COLLECTED MATERIAL.
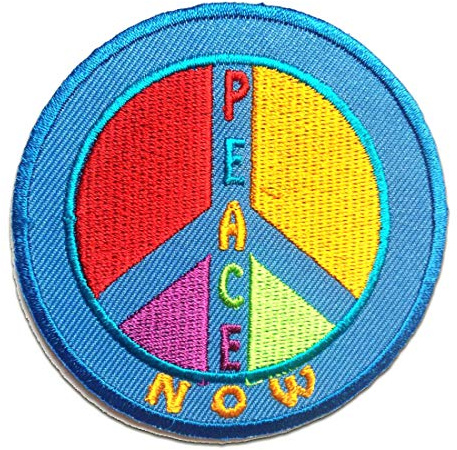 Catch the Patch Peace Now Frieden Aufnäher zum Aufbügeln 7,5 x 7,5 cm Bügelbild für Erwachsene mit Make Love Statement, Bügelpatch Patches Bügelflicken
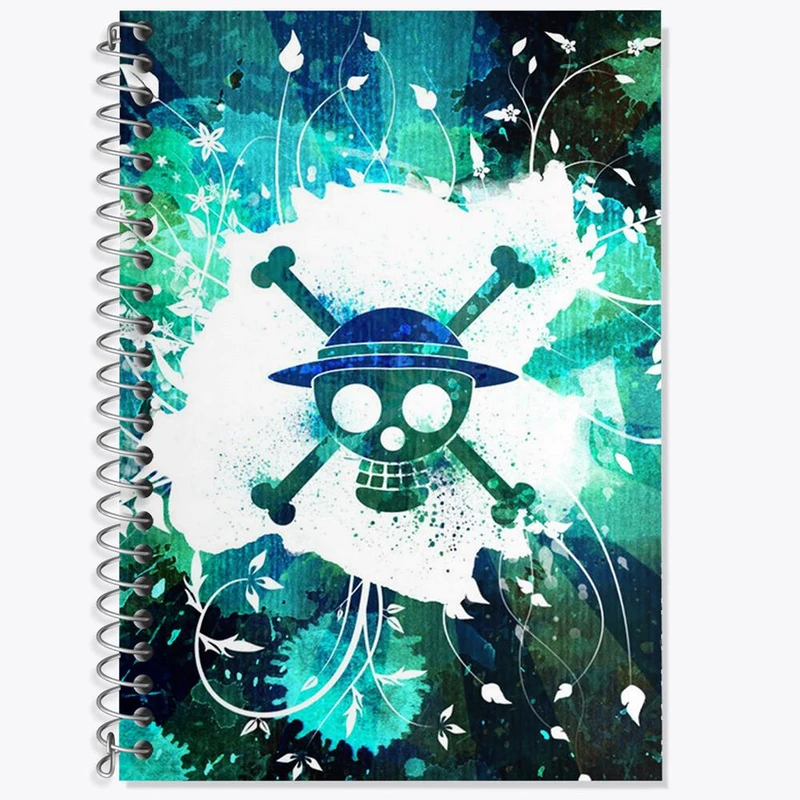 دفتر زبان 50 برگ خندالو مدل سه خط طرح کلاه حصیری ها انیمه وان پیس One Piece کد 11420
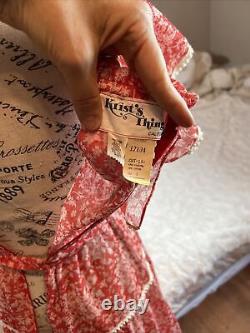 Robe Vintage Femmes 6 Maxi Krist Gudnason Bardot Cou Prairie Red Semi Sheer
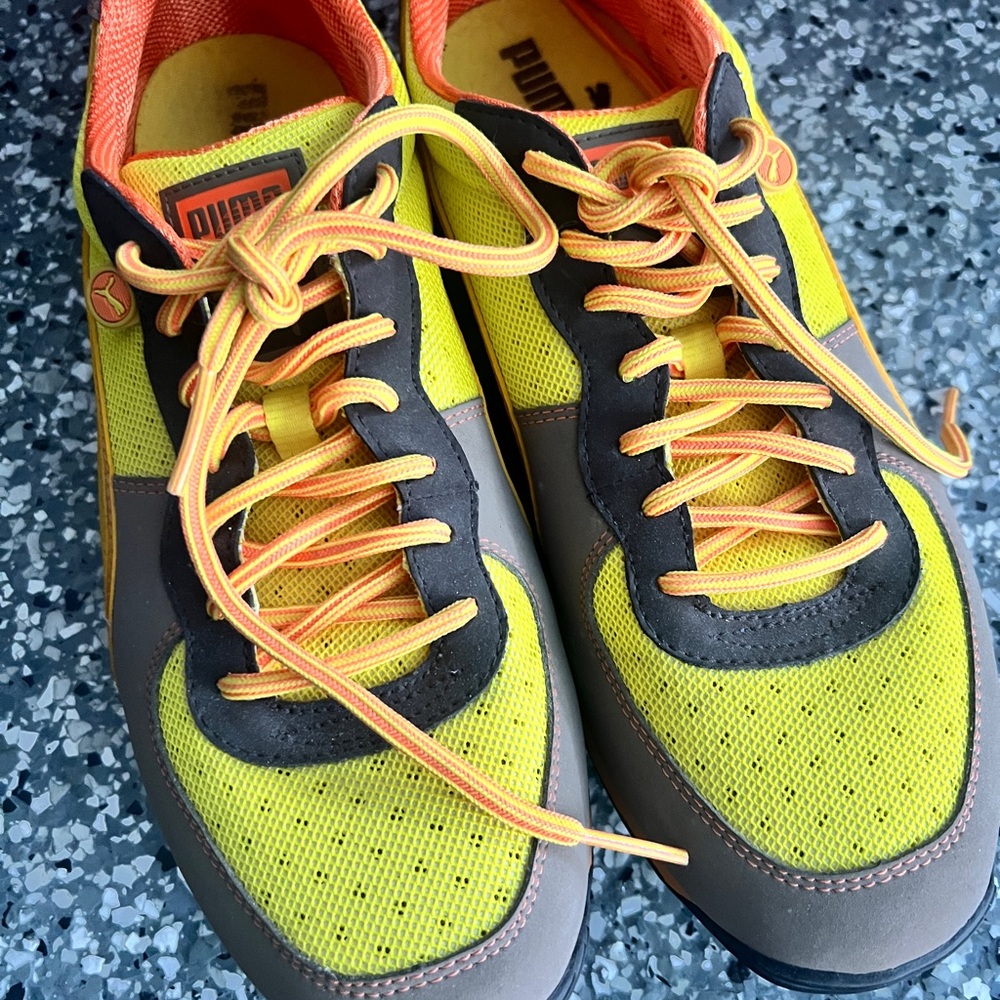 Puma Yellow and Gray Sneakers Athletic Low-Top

BRIEF. The expected answer consists solely of the lines from the one with "دفتر زبان 50" through the last line of the listing above, restated exactly, minus any pictures.

YOUR RESPONSE.
 دفتر زبان 50 برگ خندالو مدل سه خط طرح کلاه حصیری ها انیمه وان پیس One Piece کد 11420
 Robe Vintage Femmes 6 Maxi Krist Gudnason Bardot Cou Prairie Red Semi Sheer
 Puma Yellow and Gray Sneakers Athletic Low-Top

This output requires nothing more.